Of Mice and Men, which closed last week, turned out to be a strong performer throughout its limited run. The James Franco-Chris O'Dowd starrer was received respectfully, if not enthusiastically, by critics, and didn't get much traction at the Tonys, but audiences came nonetheless. The production rarely played to full capacity, but was usually hovering just under, between 95-99%. The final week was no exception. Houses were just under capacity at 99.9%. But box office was well above potential, sitting at nearly 110% of the possible take. Average ticket price during the last week was $121.06. Should Franco wish to return to Broadway, it's a good bet that producers will welcome his back with open arms.
With Mice having scurried away, and The Cripple of Inishmaan having departed last week, Broadway now has a grand total of zero straight plays on the boards. All 27 attractions on offer are musicals.
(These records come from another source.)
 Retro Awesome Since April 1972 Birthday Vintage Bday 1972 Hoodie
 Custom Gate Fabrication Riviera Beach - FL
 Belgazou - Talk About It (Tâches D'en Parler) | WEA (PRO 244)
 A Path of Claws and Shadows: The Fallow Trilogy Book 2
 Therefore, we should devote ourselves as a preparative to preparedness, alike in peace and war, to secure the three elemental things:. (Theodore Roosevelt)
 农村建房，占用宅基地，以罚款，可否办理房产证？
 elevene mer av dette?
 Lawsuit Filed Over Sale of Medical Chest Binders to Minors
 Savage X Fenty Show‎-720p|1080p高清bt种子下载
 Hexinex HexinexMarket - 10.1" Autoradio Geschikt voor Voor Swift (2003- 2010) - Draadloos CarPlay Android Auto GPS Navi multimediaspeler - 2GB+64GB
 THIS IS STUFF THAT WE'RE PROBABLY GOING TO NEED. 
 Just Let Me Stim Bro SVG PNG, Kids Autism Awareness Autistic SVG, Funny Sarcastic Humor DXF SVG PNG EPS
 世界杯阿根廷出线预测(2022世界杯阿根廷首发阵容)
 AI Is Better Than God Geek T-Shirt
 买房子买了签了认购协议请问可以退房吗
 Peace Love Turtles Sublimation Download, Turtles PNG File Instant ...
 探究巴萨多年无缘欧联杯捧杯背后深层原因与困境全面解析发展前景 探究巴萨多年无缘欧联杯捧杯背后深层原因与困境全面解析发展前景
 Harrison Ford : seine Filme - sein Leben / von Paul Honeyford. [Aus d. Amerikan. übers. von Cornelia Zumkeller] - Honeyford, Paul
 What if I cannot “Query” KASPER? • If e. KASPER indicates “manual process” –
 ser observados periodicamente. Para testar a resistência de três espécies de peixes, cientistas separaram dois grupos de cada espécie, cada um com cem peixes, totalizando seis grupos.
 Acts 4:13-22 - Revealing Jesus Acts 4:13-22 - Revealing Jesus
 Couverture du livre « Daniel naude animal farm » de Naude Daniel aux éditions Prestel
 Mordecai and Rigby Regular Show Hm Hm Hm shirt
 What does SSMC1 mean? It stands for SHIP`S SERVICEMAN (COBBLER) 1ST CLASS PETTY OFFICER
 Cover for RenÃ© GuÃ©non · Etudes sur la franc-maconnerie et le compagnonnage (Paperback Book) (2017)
The top perfomer among those tuners is, as always, The Book of Mormon, which never ceases to print money over at the Eugene O'Neill. Capacity crowds paid an average of $187.45 to gain admission to the smash. Collections were, however, down $177,002 from last week, but that's only because the production played nine performances last week, instead of eight. (And that's about as close to bad box-office news as you're going to get at Mormon.)
The great majority of the musicals played to 90% or above capacity house. The only titles not to achieve that number were Bullets Over Broadway (which announced last week that it would close later this summer), Chicago, Cinderella, If/Then, Motown, Once, Rock of Ages, Rocky and Violet. Collecting the least percentage of their possible box office were Bullets and Once, at 49% and 51% respectively.